Arsenic in wells in Vietnam suggests dig-deeper approach has issues

by Bryce Mitsunaga
Monday, September 9, 2013

Laura Erban collects water samples to test for arsenic in wells in Vietnam. Courtesy of Laura Erban

For years, scientists and public health officials have known that arsenic threatens the water supplies of millions of people in the heavily populated floodplains of Southeast Asia. A recent study centers on Vietnam’s Mekong Delta, but has profound implications for the people of the entire region. In Vietnam, arsenic is naturally hosted in sediments drained off the Himalayas, which wash into the Mekong. Within the delta sediments, microbes dissolve the carcinogen, facilitating its movement. According to previous studies, arsenic can be avoided by “digging deeper” — by drilling farther into the aquifers, past the poisoned groundwater. But now, a team of researchers has found that digging deeper may actually accentuate arsenic poisoning rather than alleviate it.

Between 2002 and 2008, Vietnamese scientists discovered arsenic in about 4,000 of the nation’s wells. With a few colleagues, Laura Erban, a doctoral candidate at Stanford University, investigated why it was so prevalent despite the wells' depths (some more than 150 meters). After examining the pre-existing records of 1,000 sites in the Mekong, they found that 60 percent were contaminated deep underground.

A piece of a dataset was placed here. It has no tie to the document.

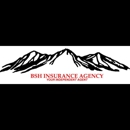 BSH Insurance Agency - Insurance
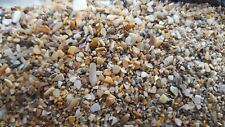 Strandsand sete stadtstrand gebraucht kaufen  Detmold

Once they had identified the breadth of the problem, Erban says, the researchers wanted to know why the contamination was occurring. In a recent study in Proceedings of the National Academy of Sciences, they suggested that arsenic spreads as the delta’s clays compact. At the microscopic level, clays form thin, platey disks in structures that resemble a house of cards. The delta’s clays are highly porous, cradling a large volume of groundwater. As aquifers are pumped for irrigation and drinking, the “houses” collapse: The land subsides, and arsenic-bearing fluid can leak into the wells, which draw the contaminant to the surface.

Once Erban and her colleagues had an idea of how this process worked, they turned to InSAR remote sensing to determine how widespread the subsidence might be. They found that at the surface the land sinks by up to three centimeters per year.

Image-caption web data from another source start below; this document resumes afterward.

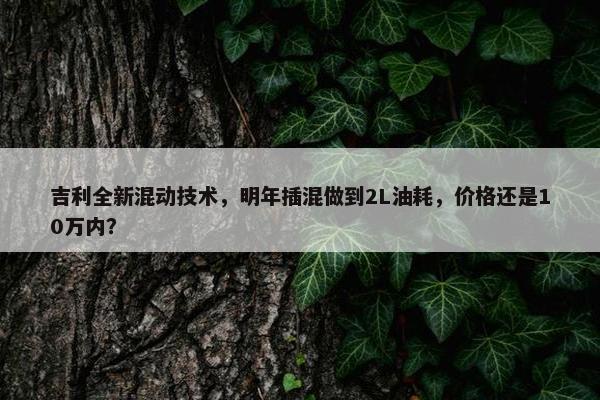 吉利全新混动技术，明年插混做到2L油耗，价格还是10万内？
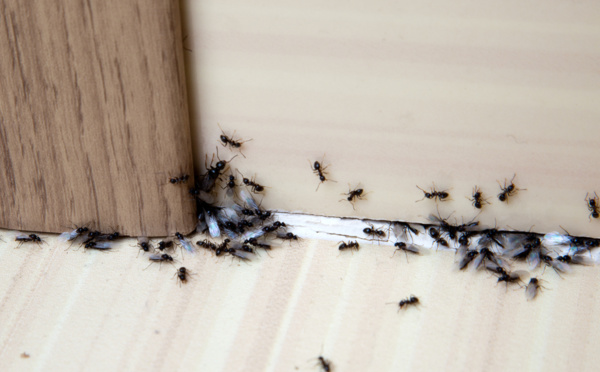 Nos astuces naturelles pour se débarrasser des fourmis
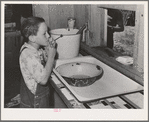 Ola, Idaho. FSA (Farm Security Administration) Ola self-help cooperative. Son of a member. The members are slowly but continually improving their houses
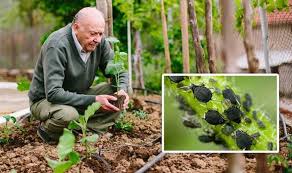 They do not harm people directly, damage only a few plants, and do not pose public health threats, but can be a nuisance if a large infestation is present. Gardening Tips How To Get Rid Of Pests From Your Garden Express Co Uk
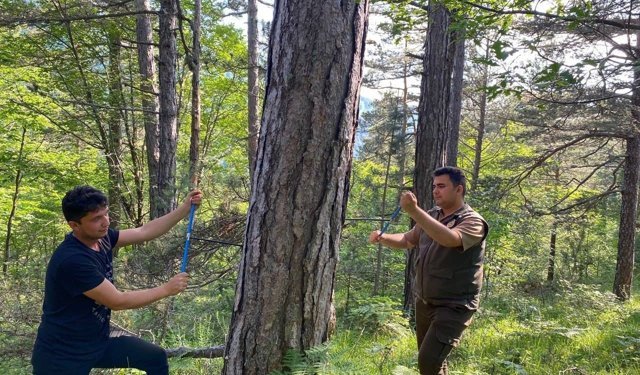 KBÜ'den küre dağları'nda kritik araştırma: İklim değişikliği ormanları nasıl etkiliyor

The team’s mapping may be as groundbreaking as their conclusions, says Charles Harvey, a hydrologist at MIT and a leading researcher on arsenic poisoning in Southeast Asia. Measuring the subsidence of roads with InSAR is nothing new, he says, but “in Vietnam, I think it’s a bit of an advance to use it on such an agricultural area.” Their research “pushes this technology a little further than I’ve seen before,” he adds. 

The next question is how Erban’s team’s findings might influence prevention or treatment of contaminated water in Southeast Asian nations. First, however, both she and Harvey say that further research is needed to determine whether the connection between arsenic and clay compaction is widespread or confined to the Mekong. There is quite a bit of variation among the sites: Some have deeper wells; nearly all have disparate sedimentary histories, thinner or thicker rock layers, different surficial or subsurficial weathering conditions, and varying mineralogies, Erban says — any or all of which could influence well contamination. In addition, Harvey adds, a variety of mechanisms can help transport pollutants, so both clay cores and chemical analysis of the pore water would help illustrate the precise interactions between arsenic and water.

In the meantime, Erban says she hopes the study will raise awareness among researchers as well as government officials. “I would really love for the NGO community and the policymaking community in Vietnam to be able to absorb this paper as well.” She says she also hopes that InSAR could be used in other areas where pumping may be compacting clays, followed by some geochemical work to determine if arsenic is present.